Back to Library
Playbook·11 min·Jul 2026

How to Build an AI Eval Harness for a Vertical Product

How to build an AI eval harness that gates every deploy and lets you swap models without losing quality. A hands-on playbook for AI builders.

An AI eval harness is a versioned suite of expert-labeled test cases and automated graders that scores your model output on every deploy and every prompt or model change, so quality is measured instead of guessed. Build it right and you can move to a cheaper or better base model without praying. Skip it and every change is a bet you cannot see the odds on.

This is the build playbook, the hands-on companion to our argument for why domain-specific evals are a moat. Avante Ventures is a venture studio building AI-native companies in Brazil and Latin America, and every product we ship runs on a harness like this one. Here is how to assemble the golden set, write the graders, wire the whole thing into your deploy gate, and turn it into an asset that compounds every time the product is used.

When you need an eval harness, and when tests are enough

An eval harness is not a test suite, and treating them as the same thing is the first mistake. Unit tests assert deterministic behavior. Given input X, the function returns exactly Y, every time. LLM output is probabilistic and open-ended, so the real question is not did it return the exact string, it is did it get the answer right often enough on the cases that matter. Anthropic frames the discipline as defining success criteria first, then designing evaluations to measure against them, and calls that cycle central to prompt engineering.

You need a harness the moment an LLM sits on a decision path a user or a regulator cares about. Classifying a legal filing. Pricing a risk. Pulling a number out of a document. Answering a support question that carries a policy consequence. You do not need one for low-stakes generation where a human already reviews every output. The tell is simple. If you cannot change a prompt without a quiet fear that you broke something invisible, you are past the point where eyeballing outputs works, and you are running on vibes.

The 2024 DORA report gives that instinct hard numbers. Across the study, a 25 percent increase in AI adoption came with an estimated 1.5 percent drop in software delivery throughput and a 7.2 percent drop in delivery stability, even as AI lifted individual signals like documentation and code quality. The authors are blunt that AI is not a panacea, and that faster development does not improve delivery without the fundamentals, small batch sizes and disciplined testing. An eval harness is that disciplined testing for the AI layer. It is what lets you keep the speed without paying it back in outages.

A 25 percent rise in AI adoption was associated with a 1.5 percent decrease in delivery throughput and a 7.2 percent decrease in delivery stability. Speed without a quality gate is a tax you pay later.

— DORA, Accelerate State of DevOps 2024

Build the AI eval harness in five moves

This is a workflow you can start this week, not a list of capabilities. The order matters, because each move is worthless without the one before it.

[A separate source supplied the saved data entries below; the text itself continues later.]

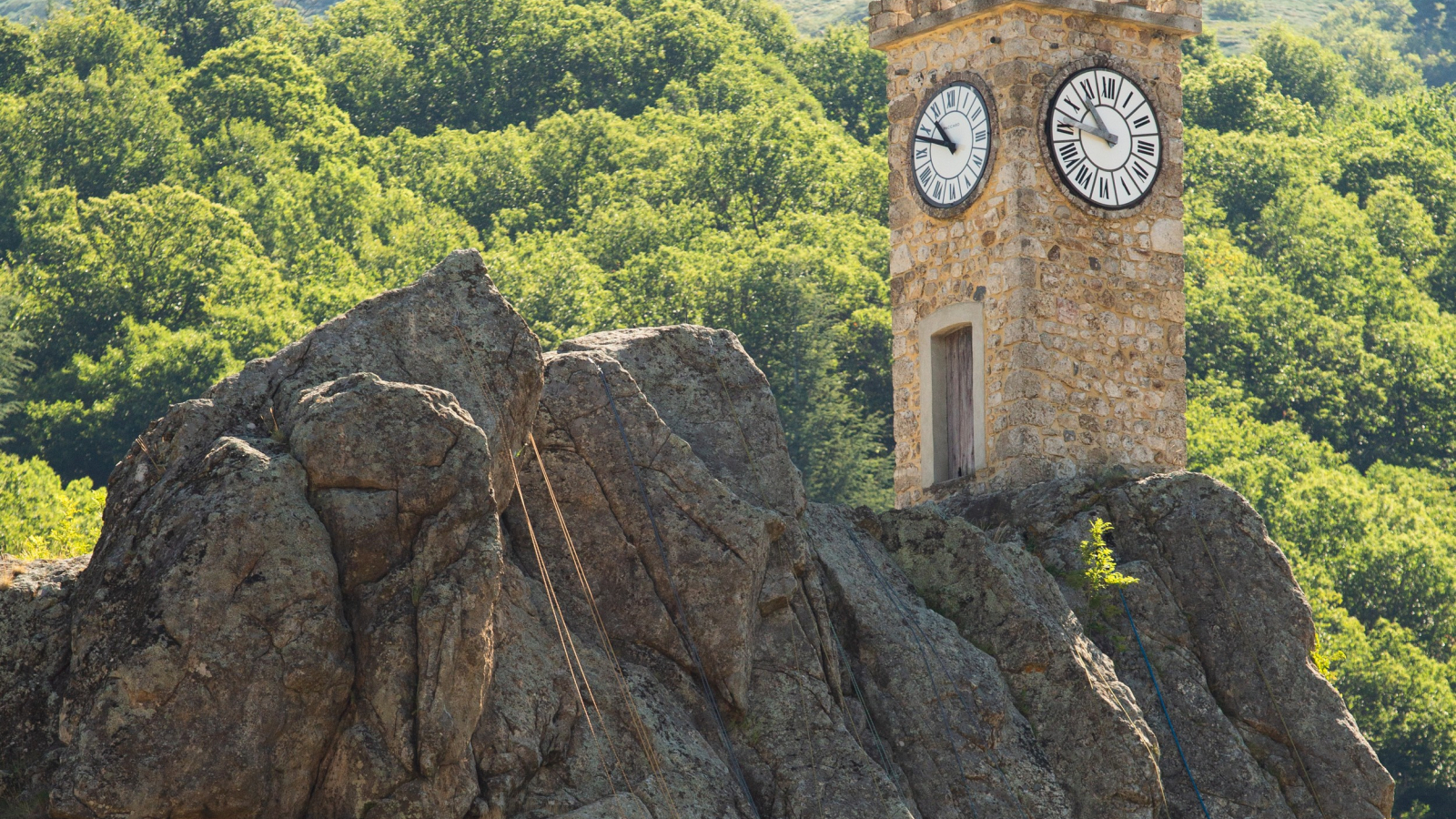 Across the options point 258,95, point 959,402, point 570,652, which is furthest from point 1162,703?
point 258,95

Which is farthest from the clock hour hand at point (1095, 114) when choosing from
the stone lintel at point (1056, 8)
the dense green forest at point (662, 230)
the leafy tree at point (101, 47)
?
the leafy tree at point (101, 47)

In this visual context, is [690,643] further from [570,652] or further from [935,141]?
[935,141]

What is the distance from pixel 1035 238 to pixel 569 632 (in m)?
7.01

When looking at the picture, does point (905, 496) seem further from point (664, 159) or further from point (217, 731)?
point (664, 159)

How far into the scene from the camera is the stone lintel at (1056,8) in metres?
16.8

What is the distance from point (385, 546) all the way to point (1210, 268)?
4090cm

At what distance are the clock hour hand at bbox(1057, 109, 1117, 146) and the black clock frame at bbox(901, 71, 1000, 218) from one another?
568mm

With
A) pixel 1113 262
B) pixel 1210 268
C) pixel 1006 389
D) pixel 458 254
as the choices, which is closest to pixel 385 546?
pixel 458 254

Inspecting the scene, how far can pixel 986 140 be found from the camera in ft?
55.3

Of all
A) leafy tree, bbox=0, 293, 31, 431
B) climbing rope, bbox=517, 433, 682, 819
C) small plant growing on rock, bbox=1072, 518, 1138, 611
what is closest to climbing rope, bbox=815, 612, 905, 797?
climbing rope, bbox=517, 433, 682, 819

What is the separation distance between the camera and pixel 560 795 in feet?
32.7

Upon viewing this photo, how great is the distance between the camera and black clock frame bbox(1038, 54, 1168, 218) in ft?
54.7

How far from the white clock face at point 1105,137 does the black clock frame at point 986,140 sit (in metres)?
0.47

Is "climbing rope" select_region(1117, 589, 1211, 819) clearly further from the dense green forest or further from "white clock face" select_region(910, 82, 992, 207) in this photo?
the dense green forest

  • Assemble a golden set. Collect 50 to a few hundred real cases from your actual task distribution, each with a correct answer labeled by a domain expert, never by the model. Include the hard ones on purpose. This set encodes your definition of correct, and it is the most valuable thing you will build.
  • Write graders. A grader is code that scores one output against its golden answer. Exact match for categorical tasks, a rubric-scored model judge for open-ended ones, with a human tiebreak where the judge and the label disagree.
  • Score a baseline. Run the current prompt and model against the whole set and record the number. Accuracy, F1, pass rate, whatever fits. That line is what every future change has to beat or hold.
  • Wire it into CI as a gate. Run the suite on every pull request and every deploy, and fail the build when the score drops below the baseline. Quality stops being an opinion and becomes a merge condition.
  • Close the loop. Every production failure the suite missed gets added to the golden set with its correct label. The harness becomes a living record of every way the system has been wrong, and every regression it now blocks for good.

Choosing graders and sourcing hard cases

Match the grader to the task. Anthropic ranks three families by speed and reliability, and the ranking is a good default. Code-based grading is fastest and most reliable, an exact match where output equals the golden answer, or a string match where a key phrase has to appear. Human grading is the most flexible and highest quality, and also the slowest and most expensive, so you avoid it where you can. Model-based grading, where an LLM judges the output against a rubric, is fast, flexible, and scalable, and the right tool for nuanced calls, but you validate it against human labels before you trust it at scale. OpenAI ships the same shape in its open eval framework, data in JSON and model-graded templates.

The rubric is where model graders live or die. Make it detailed and empirical, force a discrete verdict of correct or incorrect or a 1 to 5 score rather than prose, and have the judge reason first and then discard the reasoning, which measurably improves grading on hard cases. Use a different model to grade than the one that produced the output.

The hard cases are the whole point, and they are where domain expertise beats model cleverness. A generic team writes easy cases the model already passes. A domain operator knows the filing that looks routine but is not, the edge condition a regulator actually punishes, the input a competitor gets wrong. Source those cases from real production logs, from expert interviews, and from the incidents that already cost you. You can let the model help generate volume, but the labels on the cases that matter stay human and expert.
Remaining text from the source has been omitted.